→ What to work on
Every line of the listing below should come back exactly as written, with no images.

→ Recorded data
____________

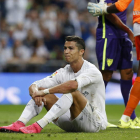 Cristiano, desolado, tras el 0-0 frente al Málaga.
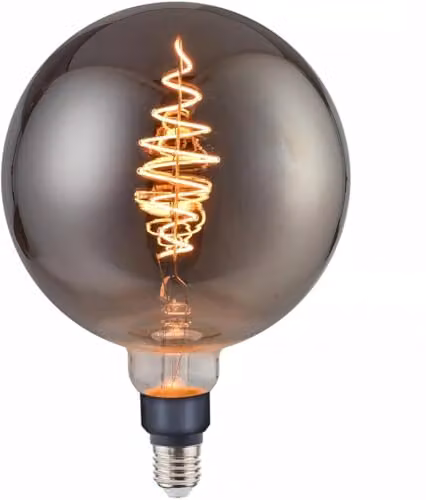Nordlux Deco Globe Bulb, Smoked Black Glass, E27, 1800K Warm White, Dimmable – 3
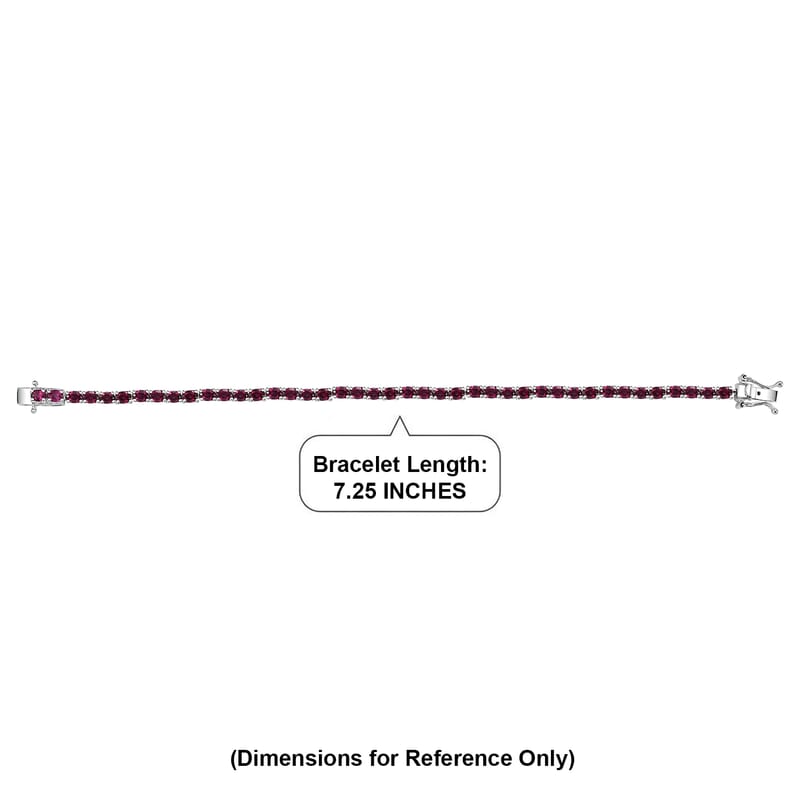EverTrue Orissa Rhodolite Garnet 7.50 ctw Timeless Tennis Bracelet in Platinum Bond (7.25 In)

____________

→ Answer section
 Cristiano, desolado, tras el 0-0 frente al Málaga.
Nordlux Deco Globe Bulb, Smoked Black Glass, E27, 1800K Warm White, Dimmable – 3
EverTrue Orissa Rhodolite Garnet 7.50 ctw Timeless Tennis Bracelet in Platinum Bond (7.25 In)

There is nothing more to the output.